What’s white and crawls up your leg?
Uncle Ben’s perverted rice.
What is a stoners idea of a balanced diet?
Lemme have it.
Wake-n-bake and couch-lock cocktail!
Kush and OJ
A joint in each hand. har har har
Corned beef HASH?
Why is santa always smiling? Because he knows all the naughty bitches… ️
And now we know where ho-ho-ho comes from.
Oh man, these jokes are AWFUL!
What did the fish say when he ran into a wall?
What do you call a deer with no eyes?
I have no idear
A little boy walks into his parents’ room to see his mom on top of his dad bouncing up and down. The mom sees her son and quickly dismounts, worried about what her son has seen. She dresses quickly and goes to find him. The son sees his mom and asks, “What were you and Dad doing?” The mother replies, “Well you know your dad has a big tummy and sometimes I have to get on top of it to help flatten it.” “You’re wasting your time,” said the boy. “Why is that?” asked his mom, puzzled. "Well when you go shopping the lady next door comes over and gets on her knees and blows it right back up.
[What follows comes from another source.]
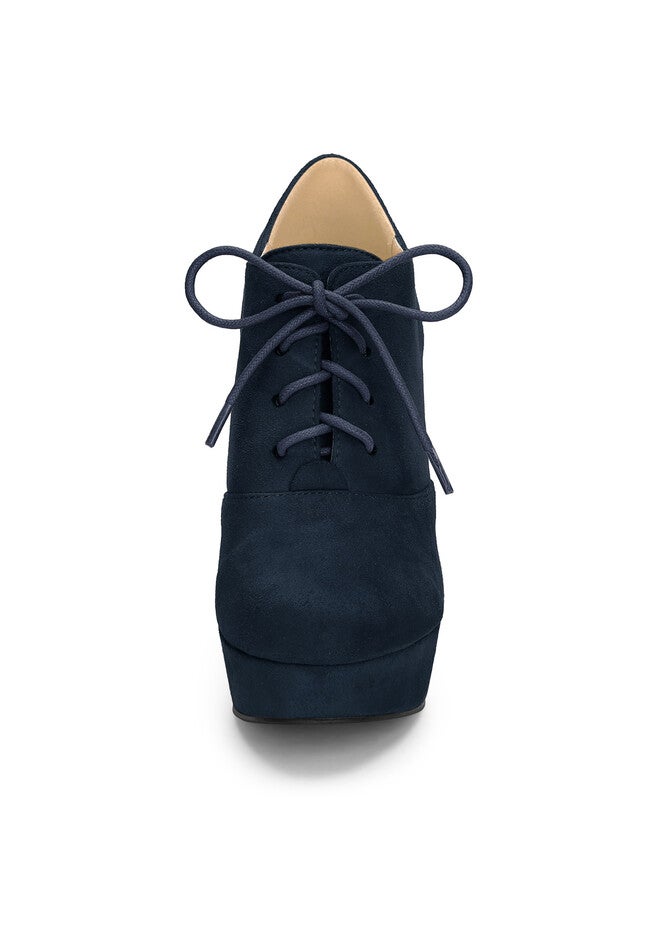 PLATFORM CHUNKY HEEL LACE UP BOOTIES, Navy Blue / Navy, alternate image number 2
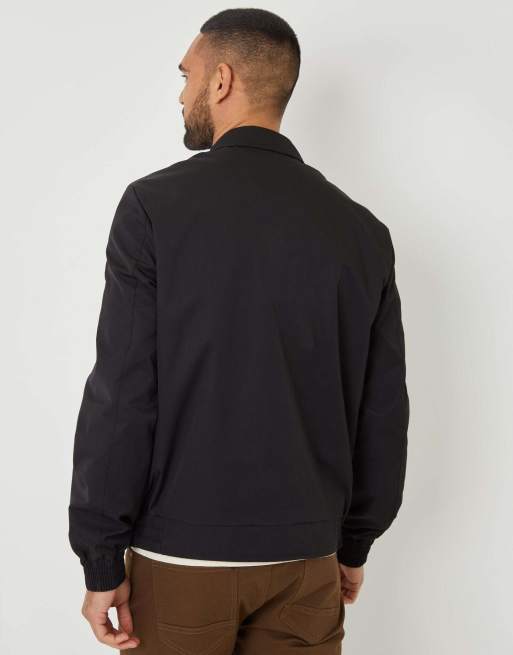 Threadbare Patch pocket collared zip-through jacket in black, 2 of 5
@garrigan62 wins by default lol I laughed my a$$ off
whats the difference between a pregnant women and a light bulb? You can unscrew a light bulb
A father and his 6-year-old son are walking down the street, and they come across two dogs having sex. The boy is shocked by what he sees and asks his father “Daddy, what are they doing?” The father, not wanting to lie to his son, says “they’re just making a puppy.” “OK” says the son, and the father is relieved that he doesn’t probe further. The next day, the son bursts into his parents’ room and sees them having sex. The father jumps up and quickly covers himself. Knowing he’s in for an interesting talk, walks downstairs with him and they sit at the dining room table. His son asks him “Daddy, what were you and mommy doing?” Again, wanting to be honest with his son, he says “me and mommy were making a baby.” His son pauses for a moment, thinking, and then replies “flip mommy over, I want a puppy!”
Lol That’s a pretty good one too
Whats the ultimate rejection? When your hand falls asleep while you’re masterbating.